El escenario que podemos encontrar a partir del 7 de mayo aportará novedades significativas. Partidos pequeños como UKIP o el Scottish National Party, aspiran a algo más que una presencia simbólica en el Parlamento. En efecto, los de Nigel Farage quieren monopolizar la política dubitativa de los conservadores hacia materias de especial sensibilidad, como la inmigración y la Unión Europea.
Las recientes euroelecciones resultaron altamente provechosas para UKIP. Su nicho de votantes no se basa exclusivamente en tories descontentos, sino también en sectores de la clase trabajadora, en especial la inglesa, fenómeno este último que el laborismo ha menospreciado.
En cuanto al SNP, se ha convertido en la estrella emergente de la política británica. Perdió el referendo in vs out celebrado en Escocia el pasado 18 de septiembre pero desde entonces, ha incrementado tanto el número de afiliados como el de votantes potenciales, ambos a costa de un laborismo que, con Ed Miliband, ha retrocedido ideológicamente hasta los años setenta, cuando la izquierda se hizo con las riendas de la formación. Durante la década de los 80, los liderazgos de Michael Foot y Neil Kinnock sólo provocaron la división en un partido incapaz de plantear batalla electoral a Margaret Thatcher y John Major.
La táctica seguida por Miliband desde que fue elegido líder del partido laborista (septiembre de 2010) ha consistido, básicamente, en acusar a David Cameron de multiplicar los recortes en el gasto público. Frente a ello, ha propuesto una defensa a ultranza de la subida de los impuestos, que ha suscitado la crítica en contra del mismísimo Blair, consciente de que el principal riesgo que conlleva el extremismo es el rechazo electoral durante varias legislaturas.

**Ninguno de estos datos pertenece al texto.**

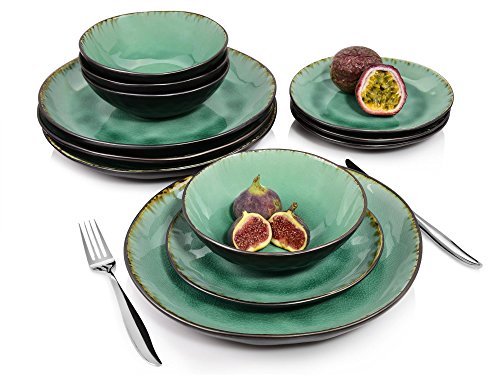 Sänger Kombiservice Palm Beach aus Porzellan 12 teilig | Füllmenge der Schalen 550 ml | Tafelservice mit Reisslack Effekt bestehend aus Speisetellern, Desserttellern und Schüsseln in Vintage Optik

Poco más ha aportado Miliband. A falta de cuatro meses para las votaciones, se observa que con ello no le bastará para ganar los comicios. Además, y con esto no contaba, Escocia ha dejado de ser el feudo del laborismo y en dicha nación los sondeos no le son nada halagüeños (en el mejor de los casos, le dan un 24% en intención de voto).
Es ahí donde el SNP le tiende su mano, o más bien le da el abrazo del oso, ya que la formación liderada por el binomio Nicola Sturgeon/Alex Salmond apuesta por sostener a un hipotético (y en minoría) gobierno laborista en Londres, a través de apoyos a medidas puntuales, nunca de un pacto.
Curiosa, que no sorprendente, la actitud del nacionalismo. Hace unos meses, ansiaba la implosión del Reino Unido y ahora irrumpe como su mesías salvador, bajo el mantra de asegurar la gobernabilidad del país, empleando un discurso claramente sectario, que tiene como fin estigmatizar a los tories (cuya presencia, en lo que a Escocia se refiere, es testimonial).
El modus operandi del SNP demuestra a las claras la voracidad del nacionalismo para el que lo importante no son los ciudadanos, sino los territorios. Generar desigualdades, en función de agravios más supuestos que reales, es otro de los componentes de su discurso. La parte dictaría la política que debe seguir el todo. Este escenario resulta ciertamente familiar en España, donde el nacionalismo periférico está instalado en la reivindicación y el regateo, lanzando órdagos de manera constante.
Al respecto, Miliband no ha dado una respuesta contundente en un sentido u otro. En cuanto a Cameron, la situación del Partido Conservador tampoco resulta envidiable y, aunque la mejora de la economía juega a su favor (lo que mantiene intacta la escarapela de los tories como gestores eficaces), tampoco parece que ello le vaya a garantizar la mayoría.